▸ **Provided records**:
>>>

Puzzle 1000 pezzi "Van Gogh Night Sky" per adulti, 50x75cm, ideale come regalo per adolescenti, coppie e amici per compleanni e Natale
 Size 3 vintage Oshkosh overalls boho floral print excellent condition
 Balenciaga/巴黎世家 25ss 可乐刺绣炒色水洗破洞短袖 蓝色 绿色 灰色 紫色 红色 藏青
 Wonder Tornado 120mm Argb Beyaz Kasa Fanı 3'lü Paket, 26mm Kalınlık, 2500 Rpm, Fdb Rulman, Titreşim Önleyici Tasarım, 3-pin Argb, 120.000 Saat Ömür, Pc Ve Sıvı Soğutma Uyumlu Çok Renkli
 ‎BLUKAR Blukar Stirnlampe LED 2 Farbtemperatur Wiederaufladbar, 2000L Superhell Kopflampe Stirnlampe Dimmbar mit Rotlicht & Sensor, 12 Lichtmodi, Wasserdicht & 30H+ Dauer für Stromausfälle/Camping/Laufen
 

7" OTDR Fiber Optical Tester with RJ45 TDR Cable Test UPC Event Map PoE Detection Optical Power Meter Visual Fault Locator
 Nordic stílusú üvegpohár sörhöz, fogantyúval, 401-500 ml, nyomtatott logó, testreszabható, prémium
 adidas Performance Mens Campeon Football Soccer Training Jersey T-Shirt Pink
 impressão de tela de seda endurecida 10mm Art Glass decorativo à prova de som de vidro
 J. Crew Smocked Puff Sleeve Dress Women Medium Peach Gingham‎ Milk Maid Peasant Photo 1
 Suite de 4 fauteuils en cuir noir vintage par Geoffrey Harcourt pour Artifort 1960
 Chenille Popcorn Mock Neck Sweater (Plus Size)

<<<

▸ **Your instructions**: Give back, exactly as written, the stretch from the line with "Balenciaga/巴黎世家 25ss 可乐刺绣炒色水洗破洞短袖" through the line with "J. Crew Smocked", and no other lines from the records above.

▸ **Response area**:
 Balenciaga/巴黎世家 25ss 可乐刺绣炒色水洗破洞短袖 蓝色 绿色 灰色 紫色 红色 藏青
 Wonder Tornado 120mm Argb Beyaz Kasa Fanı 3'lü Paket, 26mm Kalınlık, 2500 Rpm, Fdb Rulman, Titreşim Önleyici Tasarım, 3-pin Argb, 120.000 Saat Ömür, Pc Ve Sıvı Soğutma Uyumlu Çok Renkli
 ‎BLUKAR Blukar Stirnlampe LED 2 Farbtemperatur Wiederaufladbar, 2000L Superhell Kopflampe Stirnlampe Dimmbar mit Rotlicht & Sensor, 12 Lichtmodi, Wasserdicht & 30H+ Dauer für Stromausfälle/Camping/Laufen
 

7" OTDR Fiber Optical Tester with RJ45 TDR Cable Test UPC Event Map PoE Detection Optical Power Meter Visual Fault Locator
 Nordic stílusú üvegpohár sörhöz, fogantyúval, 401-500 ml, nyomtatott logó, testreszabható, prémium
 adidas Performance Mens Campeon Football Soccer Training Jersey T-Shirt Pink
 impressão de tela de seda endurecida 10mm Art Glass decorativo à prova de som de vidro
 J. Crew Smocked Puff Sleeve Dress Women Medium Peach Gingham‎ Milk Maid Peasant Photo 1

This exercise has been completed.